== Exercise goal ==
Find the line below with "Note that you" and the line with "Hi, welcome back". Output exactly those lines and everything between them, leaving out the pictures.

---- Data extract

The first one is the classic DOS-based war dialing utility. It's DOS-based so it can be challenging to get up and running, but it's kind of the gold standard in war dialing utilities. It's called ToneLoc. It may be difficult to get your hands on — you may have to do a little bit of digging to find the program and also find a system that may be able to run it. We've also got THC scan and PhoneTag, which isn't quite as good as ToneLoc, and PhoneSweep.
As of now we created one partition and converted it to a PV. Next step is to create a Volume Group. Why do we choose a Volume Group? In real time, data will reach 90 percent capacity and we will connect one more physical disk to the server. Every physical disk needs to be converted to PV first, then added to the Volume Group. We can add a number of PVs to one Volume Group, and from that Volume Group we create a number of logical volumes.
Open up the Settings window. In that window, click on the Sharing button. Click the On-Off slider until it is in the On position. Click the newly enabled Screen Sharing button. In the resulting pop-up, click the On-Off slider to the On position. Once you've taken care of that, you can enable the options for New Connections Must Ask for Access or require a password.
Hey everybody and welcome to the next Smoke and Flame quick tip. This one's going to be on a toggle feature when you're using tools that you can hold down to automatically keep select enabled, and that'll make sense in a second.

--------
---- Data extract

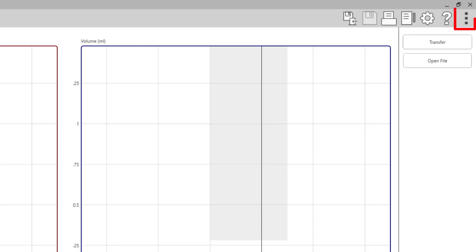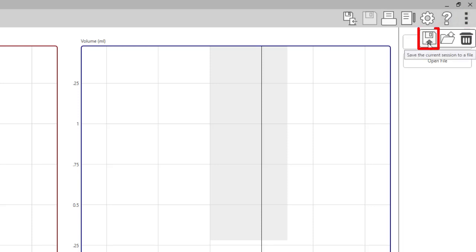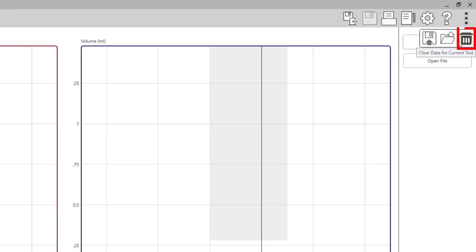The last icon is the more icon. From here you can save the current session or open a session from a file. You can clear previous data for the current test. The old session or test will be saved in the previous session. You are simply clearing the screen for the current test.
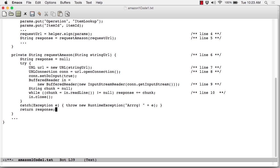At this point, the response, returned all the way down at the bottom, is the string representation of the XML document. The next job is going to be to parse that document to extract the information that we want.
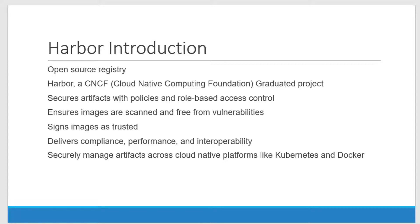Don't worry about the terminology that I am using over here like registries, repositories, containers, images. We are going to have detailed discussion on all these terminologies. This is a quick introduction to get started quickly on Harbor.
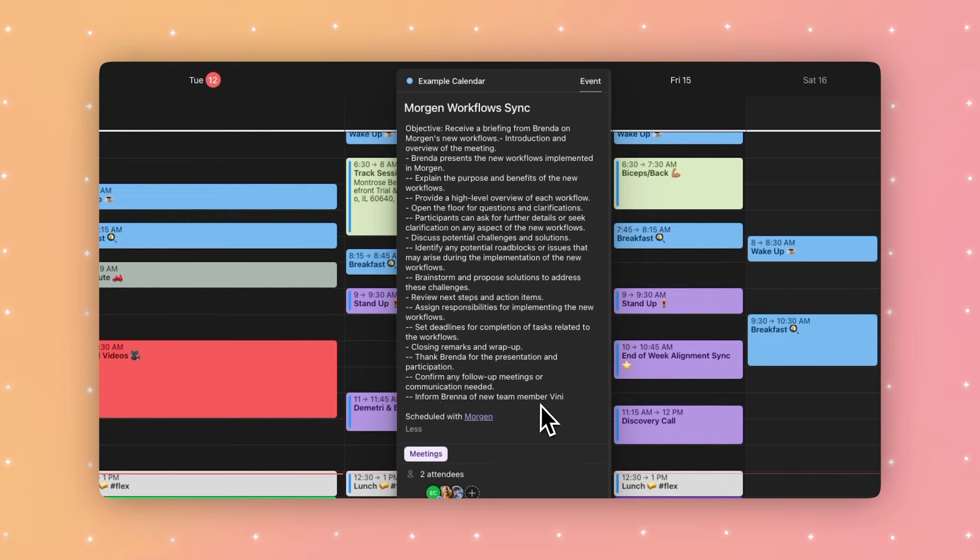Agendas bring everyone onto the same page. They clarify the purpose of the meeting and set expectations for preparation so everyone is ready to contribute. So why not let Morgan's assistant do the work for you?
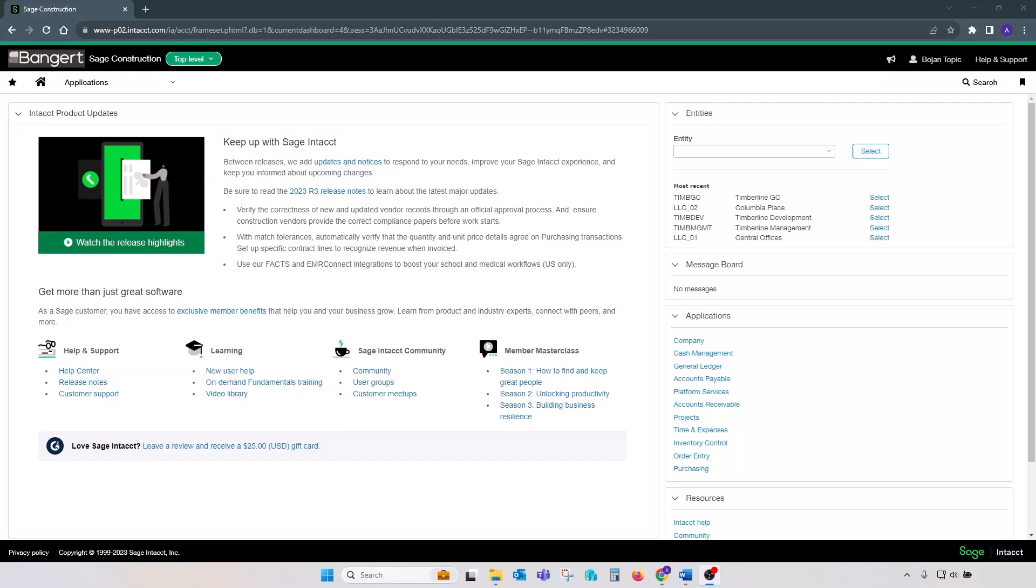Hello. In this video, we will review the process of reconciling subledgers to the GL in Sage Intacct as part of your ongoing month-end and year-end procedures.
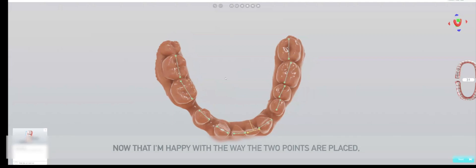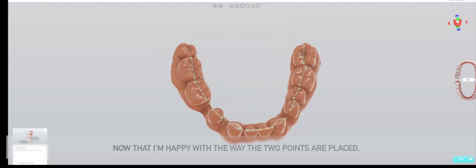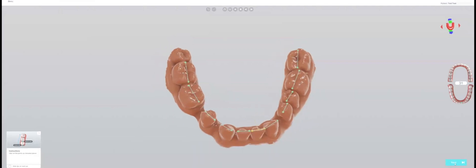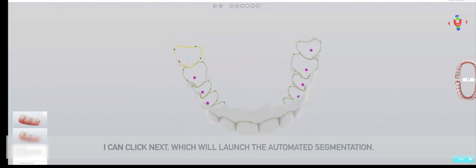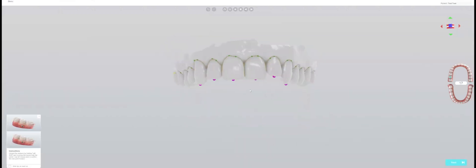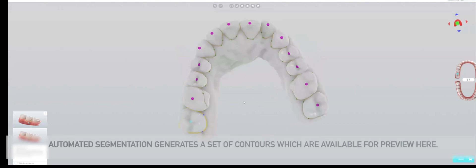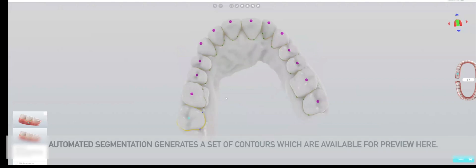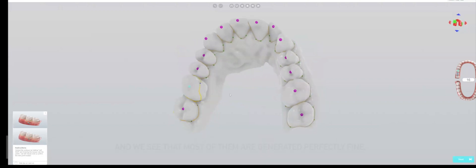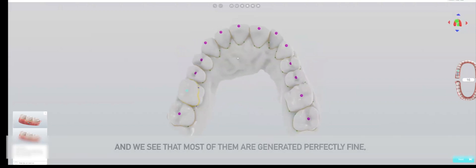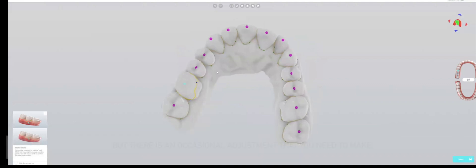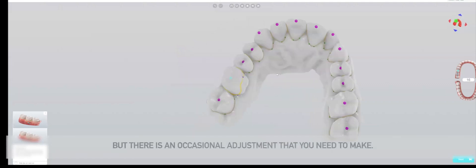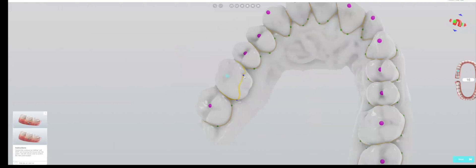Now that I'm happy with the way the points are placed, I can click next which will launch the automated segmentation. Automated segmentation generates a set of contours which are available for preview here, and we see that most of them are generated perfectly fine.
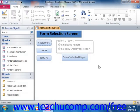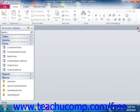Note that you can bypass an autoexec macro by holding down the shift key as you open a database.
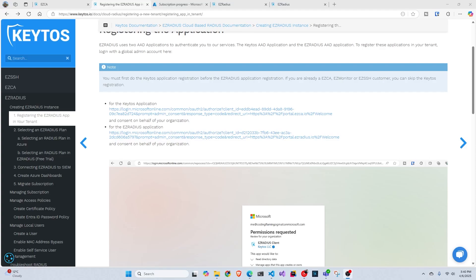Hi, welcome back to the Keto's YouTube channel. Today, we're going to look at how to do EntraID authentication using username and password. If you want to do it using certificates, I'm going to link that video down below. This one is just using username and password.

--------
---- Data extract

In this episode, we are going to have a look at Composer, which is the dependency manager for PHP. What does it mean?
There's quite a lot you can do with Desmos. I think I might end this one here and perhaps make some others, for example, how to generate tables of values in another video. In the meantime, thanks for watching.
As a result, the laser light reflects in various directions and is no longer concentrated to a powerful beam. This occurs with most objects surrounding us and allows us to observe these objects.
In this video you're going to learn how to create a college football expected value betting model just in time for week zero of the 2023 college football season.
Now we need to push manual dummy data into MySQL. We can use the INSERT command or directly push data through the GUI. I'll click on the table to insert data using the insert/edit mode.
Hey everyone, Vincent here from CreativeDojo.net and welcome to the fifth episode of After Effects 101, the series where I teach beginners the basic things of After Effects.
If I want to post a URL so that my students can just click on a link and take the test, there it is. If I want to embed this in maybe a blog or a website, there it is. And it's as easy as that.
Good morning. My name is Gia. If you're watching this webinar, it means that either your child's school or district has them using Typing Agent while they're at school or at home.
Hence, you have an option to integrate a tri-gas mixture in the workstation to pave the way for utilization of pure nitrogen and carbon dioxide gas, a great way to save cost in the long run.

--------

== Your response ==
Note that you can bypass an autoexec macro by holding down the shift key as you open a database.
Hi, welcome back to the Keto's YouTube channel. Today, we're going to look at how to do EntraID authentication using username and password. If you want to do it using certificates, I'm going to link that video down below. This one is just using username and password.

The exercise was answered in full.